Task:
Every entry needs to be repeated exactly, with nothing left out.
Segment Open
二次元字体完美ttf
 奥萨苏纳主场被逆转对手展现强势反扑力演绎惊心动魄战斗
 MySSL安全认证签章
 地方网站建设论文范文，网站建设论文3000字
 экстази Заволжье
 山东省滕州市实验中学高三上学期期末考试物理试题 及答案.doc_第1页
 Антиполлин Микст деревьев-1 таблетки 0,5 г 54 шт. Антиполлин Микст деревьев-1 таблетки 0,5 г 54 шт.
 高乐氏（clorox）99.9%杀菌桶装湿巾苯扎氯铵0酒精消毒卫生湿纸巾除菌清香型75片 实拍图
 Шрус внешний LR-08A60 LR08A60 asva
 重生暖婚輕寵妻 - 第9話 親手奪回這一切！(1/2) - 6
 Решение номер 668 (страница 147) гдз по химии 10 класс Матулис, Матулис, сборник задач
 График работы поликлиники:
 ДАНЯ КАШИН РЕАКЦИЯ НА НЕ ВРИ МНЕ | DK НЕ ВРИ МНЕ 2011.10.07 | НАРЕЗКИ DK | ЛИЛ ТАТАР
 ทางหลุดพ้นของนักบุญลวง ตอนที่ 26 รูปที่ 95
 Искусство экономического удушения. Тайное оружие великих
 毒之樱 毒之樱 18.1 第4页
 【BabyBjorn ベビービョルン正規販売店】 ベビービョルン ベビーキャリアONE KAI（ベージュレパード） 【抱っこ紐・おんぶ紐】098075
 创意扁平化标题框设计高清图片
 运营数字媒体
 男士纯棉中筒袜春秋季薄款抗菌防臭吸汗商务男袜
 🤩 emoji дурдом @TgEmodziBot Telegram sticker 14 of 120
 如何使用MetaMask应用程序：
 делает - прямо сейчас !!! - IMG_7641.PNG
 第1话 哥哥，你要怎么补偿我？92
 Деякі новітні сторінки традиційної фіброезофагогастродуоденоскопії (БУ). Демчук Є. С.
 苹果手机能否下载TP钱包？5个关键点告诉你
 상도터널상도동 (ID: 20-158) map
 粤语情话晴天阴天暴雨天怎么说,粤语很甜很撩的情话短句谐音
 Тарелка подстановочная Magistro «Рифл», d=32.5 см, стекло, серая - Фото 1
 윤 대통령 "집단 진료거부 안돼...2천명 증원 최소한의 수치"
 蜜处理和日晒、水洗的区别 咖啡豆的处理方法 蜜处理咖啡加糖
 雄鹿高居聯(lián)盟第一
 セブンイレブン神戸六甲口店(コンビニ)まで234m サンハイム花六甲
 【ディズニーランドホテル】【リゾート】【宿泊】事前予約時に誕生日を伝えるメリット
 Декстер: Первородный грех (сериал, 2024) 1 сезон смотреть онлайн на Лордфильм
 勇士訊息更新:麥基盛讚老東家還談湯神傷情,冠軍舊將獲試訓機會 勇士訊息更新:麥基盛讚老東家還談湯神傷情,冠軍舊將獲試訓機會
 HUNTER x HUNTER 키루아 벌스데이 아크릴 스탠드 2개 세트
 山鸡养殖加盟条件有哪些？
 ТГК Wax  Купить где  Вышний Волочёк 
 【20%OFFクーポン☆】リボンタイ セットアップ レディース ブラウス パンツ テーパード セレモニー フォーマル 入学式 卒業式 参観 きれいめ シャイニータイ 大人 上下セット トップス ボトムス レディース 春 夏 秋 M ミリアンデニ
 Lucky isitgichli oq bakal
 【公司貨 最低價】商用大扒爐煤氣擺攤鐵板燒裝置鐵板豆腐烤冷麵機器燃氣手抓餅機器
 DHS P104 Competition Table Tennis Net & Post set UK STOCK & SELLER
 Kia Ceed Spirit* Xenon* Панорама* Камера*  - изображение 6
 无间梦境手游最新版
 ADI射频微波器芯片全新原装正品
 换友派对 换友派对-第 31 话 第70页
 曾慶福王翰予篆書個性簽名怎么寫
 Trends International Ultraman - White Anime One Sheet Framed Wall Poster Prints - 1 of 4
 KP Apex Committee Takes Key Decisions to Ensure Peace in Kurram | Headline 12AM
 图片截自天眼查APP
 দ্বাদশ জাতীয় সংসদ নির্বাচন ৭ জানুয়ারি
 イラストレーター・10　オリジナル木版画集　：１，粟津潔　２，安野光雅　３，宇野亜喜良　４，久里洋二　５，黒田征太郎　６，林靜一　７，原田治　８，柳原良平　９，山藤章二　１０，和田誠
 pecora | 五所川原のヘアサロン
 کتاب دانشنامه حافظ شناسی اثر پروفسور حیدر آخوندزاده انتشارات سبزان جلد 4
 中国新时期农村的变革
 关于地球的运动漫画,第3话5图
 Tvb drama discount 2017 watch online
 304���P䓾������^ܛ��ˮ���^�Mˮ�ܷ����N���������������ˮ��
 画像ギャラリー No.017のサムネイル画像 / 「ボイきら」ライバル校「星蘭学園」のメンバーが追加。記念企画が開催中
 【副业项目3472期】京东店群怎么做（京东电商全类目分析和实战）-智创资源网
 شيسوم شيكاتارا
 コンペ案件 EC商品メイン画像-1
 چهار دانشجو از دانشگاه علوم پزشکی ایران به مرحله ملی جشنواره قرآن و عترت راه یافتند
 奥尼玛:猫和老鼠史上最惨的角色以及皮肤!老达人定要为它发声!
Segment Closed
Exercise response:
二次元字体完美ttf
 奥萨苏纳主场被逆转对手展现强势反扑力演绎惊心动魄战斗
 MySSL安全认证签章
 地方网站建设论文范文，网站建设论文3000字
 экстази Заволжье
 山东省滕州市实验中学高三上学期期末考试物理试题 及答案.doc_第1页
 Антиполлин Микст деревьев-1 таблетки 0,5 г 54 шт. Антиполлин Микст деревьев-1 таблетки 0,5 г 54 шт.
 高乐氏（clorox）99.9%杀菌桶装湿巾苯扎氯铵0酒精消毒卫生湿纸巾除菌清香型75片 实拍图
 Шрус внешний LR-08A60 LR08A60 asva
 重生暖婚輕寵妻 - 第9話 親手奪回這一切！(1/2) - 6
 Решение номер 668 (страница 147) гдз по химии 10 класс Матулис, Матулис, сборник задач
 График работы поликлиники:
 ДАНЯ КАШИН РЕАКЦИЯ НА НЕ ВРИ МНЕ | DK НЕ ВРИ МНЕ 2011.10.07 | НАРЕЗКИ DK | ЛИЛ ТАТАР
 ทางหลุดพ้นของนักบุญลวง ตอนที่ 26 รูปที่ 95
 Искусство экономического удушения. Тайное оружие великих
 毒之樱 毒之樱 18.1 第4页
 【BabyBjorn ベビービョルン正規販売店】 ベビービョルン ベビーキャリアONE KAI（ベージュレパード） 【抱っこ紐・おんぶ紐】098075
 创意扁平化标题框设计高清图片
 运营数字媒体
 男士纯棉中筒袜春秋季薄款抗菌防臭吸汗商务男袜
 🤩 emoji дурдом @TgEmodziBot Telegram sticker 14 of 120
 如何使用MetaMask应用程序：
 делает - прямо сейчас !!! - IMG_7641.PNG
 第1话 哥哥，你要怎么补偿我？92
 Деякі новітні сторінки традиційної фіброезофагогастродуоденоскопії (БУ). Демчук Є. С.
 苹果手机能否下载TP钱包？5个关键点告诉你
 상도터널상도동 (ID: 20-158) map
 粤语情话晴天阴天暴雨天怎么说,粤语很甜很撩的情话短句谐音
 Тарелка подстановочная Magistro «Рифл», d=32.5 см, стекло, серая - Фото 1
 윤 대통령 "집단 진료거부 안돼...2천명 증원 최소한의 수치"
 蜜处理和日晒、水洗的区别 咖啡豆的处理方法 蜜处理咖啡加糖
 雄鹿高居聯(lián)盟第一
 セブンイレブン神戸六甲口店(コンビニ)まで234m サンハイム花六甲
 【ディズニーランドホテル】【リゾート】【宿泊】事前予約時に誕生日を伝えるメリット
 Декстер: Первородный грех (сериал, 2024) 1 сезон смотреть онлайн на Лордфильм
 勇士訊息更新:麥基盛讚老東家還談湯神傷情,冠軍舊將獲試訓機會 勇士訊息更新:麥基盛讚老東家還談湯神傷情,冠軍舊將獲試訓機會
 HUNTER x HUNTER 키루아 벌스데이 아크릴 스탠드 2개 세트
 山鸡养殖加盟条件有哪些？
 ТГК Wax  Купить где  Вышний Волочёк 
 【20%OFFクーポン☆】リボンタイ セットアップ レディース ブラウス パンツ テーパード セレモニー フォーマル 入学式 卒業式 参観 きれいめ シャイニータイ 大人 上下セット トップス ボトムス レディース 春 夏 秋 M ミリアンデニ
 Lucky isitgichli oq bakal
 【公司貨 最低價】商用大扒爐煤氣擺攤鐵板燒裝置鐵板豆腐烤冷麵機器燃氣手抓餅機器
 DHS P104 Competition Table Tennis Net & Post set UK STOCK & SELLER
 Kia Ceed Spirit* Xenon* Панорама* Камера*  - изображение 6
 无间梦境手游最新版
 ADI射频微波器芯片全新原装正品
 换友派对 换友派对-第 31 话 第70页
 曾慶福王翰予篆書個性簽名怎么寫
 Trends International Ultraman - White Anime One Sheet Framed Wall Poster Prints - 1 of 4
 KP Apex Committee Takes Key Decisions to Ensure Peace in Kurram | Headline 12AM
 图片截自天眼查APP
 দ্বাদশ জাতীয় সংসদ নির্বাচন ৭ জানুয়ারি
 イラストレーター・10　オリジナル木版画集　：１，粟津潔　２，安野光雅　３，宇野亜喜良　４，久里洋二　５，黒田征太郎　６，林靜一　７，原田治　８，柳原良平　９，山藤章二　１０，和田誠
 pecora | 五所川原のヘアサロン
 کتاب دانشنامه حافظ شناسی اثر پروفسور حیدر آخوندزاده انتشارات سبزان جلد 4
 中国新时期农村的变革
 关于地球的运动漫画,第3话5图
 Tvb drama discount 2017 watch online
 304���P䓾������^ܛ��ˮ���^�Mˮ�ܷ����N���������������ˮ��
 画像ギャラリー No.017のサムネイル画像 / 「ボイきら」ライバル校「星蘭学園」のメンバーが追加。記念企画が開催中
 【副业项目3472期】京东店群怎么做（京东电商全类目分析和实战）-智创资源网
 شيسوم شيكاتارا
 コンペ案件 EC商品メイン画像-1
 چهار دانشجو از دانشگاه علوم پزشکی ایران به مرحله ملی جشنواره قرآن و عترت راه یافتند
 奥尼玛:猫和老鼠史上最惨的角色以及皮肤!老达人定要为它发声!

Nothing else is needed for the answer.